Understanding Reciprocal Lattice Vectors and Orthogonality in Primitive Lattices

[torehan]

f(\vec{r}) = f(\vec{r}+\vec{T})

\vec{T}= u_{1} \vec{a_{1}} + u_{2} \vec{a_{2}}+u_{3} \vec{a_{3}}

u_{1},u_{2},u_{3} are integers.

f(\vec{r}+\vec{T})= \sum n_{g} e^{(i\vec{G}.(\vec{r}+\vec{R}) )}= f(\vec{r})

e^{i\vec{G}.\vec{R} }= 1
\vec{G}.\vec{R} = 2\pi m

we call \vec{G}=h\vec{g_{1}} + k \vec{g_{2}}+l \vec{g_{3}} reciprocal lattice vector.

but what about the primitive lattice vectors \vec{g_{1}} , \vec{g_{2}} , \vec{g_{3}} ?

To simplify the discussion consider \vec{T_{1}} in 1D;

\vec{T_{1}} = u_{1} \vec{a_{1}}

\vec{G}.\vec{T} =(h\vec{g_{1}} + k \vec{g_{2}}+l \vec{g_{3}}) . ( u_{1} \vec{a_{1}}) = 2 \pi m

Is there any definiton that indicates direct primitive lattice vectors and reciprocal primitive lattice vectors orthogonalities?
i.e

\vec{g_{1}} . \vec{a_{1}} = 2 \pi

\vec{g_{2}} . \vec{a_{1}} = \vec{g_{3}} . \vec{a_{1}} = 0

 

[kanato]

g1,g2,g3 are the primitive vectors for the reciprocal lattice.
And the orthogonality condition is \vec{a}_i \cdot \vec{g}_j = 2\pi \delta_{i,j}

A trick for calculating the reciprocal vectors is to form the matrix A where the columns are the direct lattice vectors, and the matrix G where the columns are the reciprocal lattice vectors. Then you have
G^T \cdot A = 2\pi I
so
G = 2\pi (A^{-1})^T

 

[torehan]

I is 3x3 identity martix isn't it?

 

[kanato]

yes it is

 

[torehan]

It's still confusing for me..
so how can I invers a (1x3) matrix?

 

[corydalus]

You can get the vectors \vec{g_1}, \vec{g_2}, \vec{g_3} without using any matrices. To do this use the following formulas:
\vec{g_1}=2\pi\frac{[\vec{a_2},\vec{a_3}]}{\vec{a_1}[\vec{a_2},\vec{a_3}]}, \vec{g_2}=2\pi\frac{[\vec{a_3},\vec{a_1}]}{\vec{a_1}[\vec{a_2},\vec{a_3}]}, \vec{g_3}=2\pi\frac{[\vec{a_1},\vec{a_2}]}{\vec{a_1}[\vec{a_2},\vec{a_3}]}.

 

[kanato]

A and G are 3x3 matrices, not 1x3 matrices. The columns of A are the vectors of your lattice:
A = \left( <br /> \left( \! \! \begin{array}{c}\\ \vec{a}_1 \\ \, \end{array} \!\! \right)<br /> \left( \! \! \begin{array}{c}\\ \vec{a}_2 \\ \, \end{array} \!\! \right)<br /> \left( \! \! \begin{array}{c}\\ \vec{a}_3 \\ \, \end{array} \!\! \right) \right)

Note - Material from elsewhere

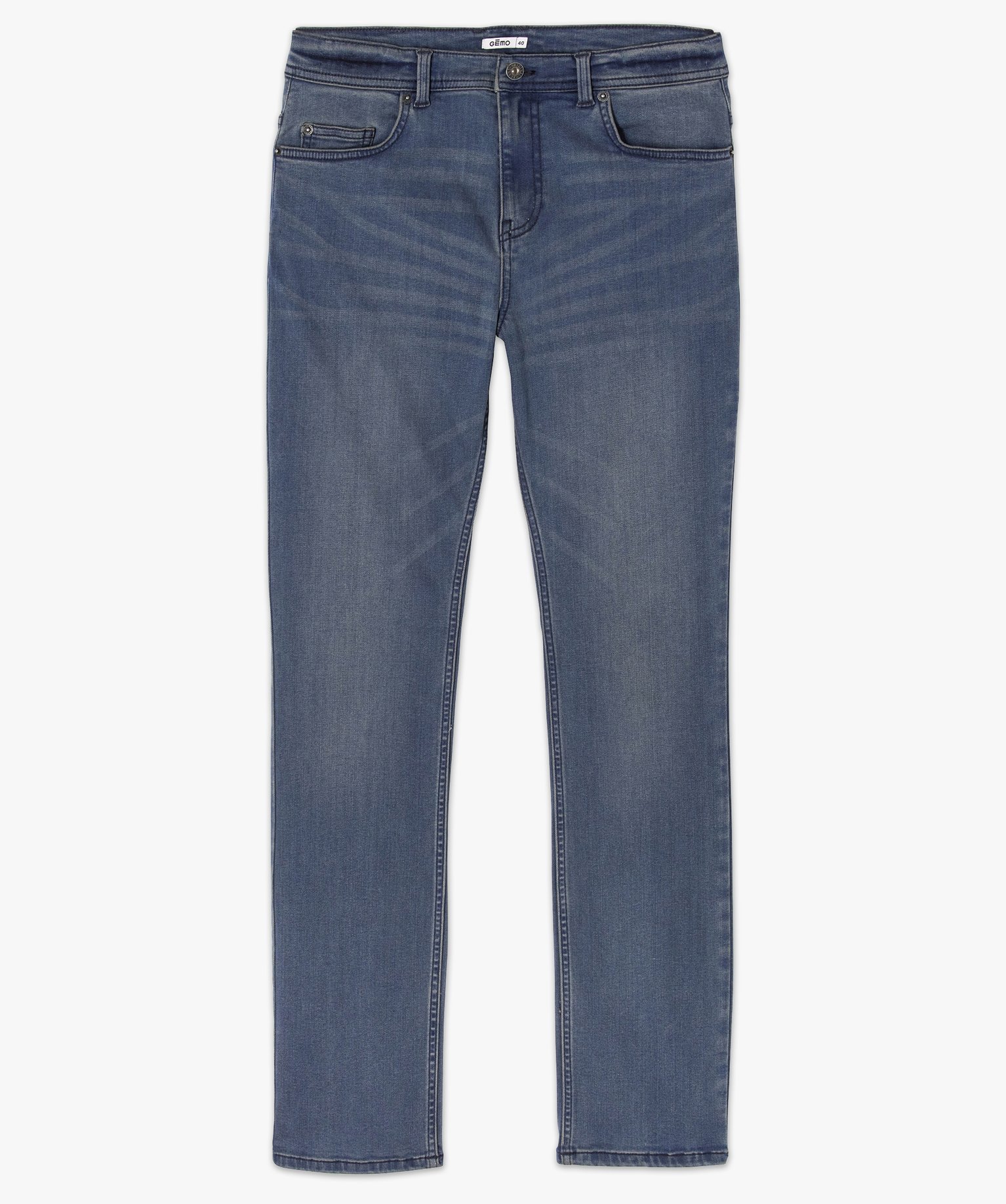 Jean homme coupe Straight légèrement délavé stone | GEMO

Personally, I think this is easier than manually evaluating three separate cross products. But either way works.

 

[torehan]

You can get the vectors \vec{g_1}, \vec{g_2}, \vec{g_3} without using any matrices. To do this use the following formulas:
\vec{g_1}=2\pi\frac{[\vec{a_2},\vec{a_3}]}{\vec{a_1}[\vec{a_2},\vec{a_3}]}, \vec{g_2}=2\pi\frac{[\vec{a_3},\vec{a_1}]}{\vec{a_1}[\vec{a_2},\vec{a_3}]}, \vec{g_3}=2\pi\frac{[\vec{a_1},\vec{a_2}]}{\vec{a_1}[\vec{a_2},\vec{a_3}]}.

Thanks but the discussion is how we get these formulas.

A and G are 3x3 matrices, not 1x3 matrices. The columns of A are the vectors of your lattice:
A = \left( <br /> \left( \! \! \begin{array}{c}\\ \vec{a}_1 \\ \, \end{array} \!\! \right)<br /> \left( \! \! \begin{array}{c}\\ \vec{a}_2 \\ \, \end{array} \!\! \right)<br /> \left( \! \! \begin{array}{c}\\ \vec{a}_3 \\ \, \end{array} \!\! \right) \right)

Personally, I think this is easier than manually evaluating three separate cross products. But either way works.

O.K , as you said a_i and g_i must be vectors which has three components. The question is what are these components?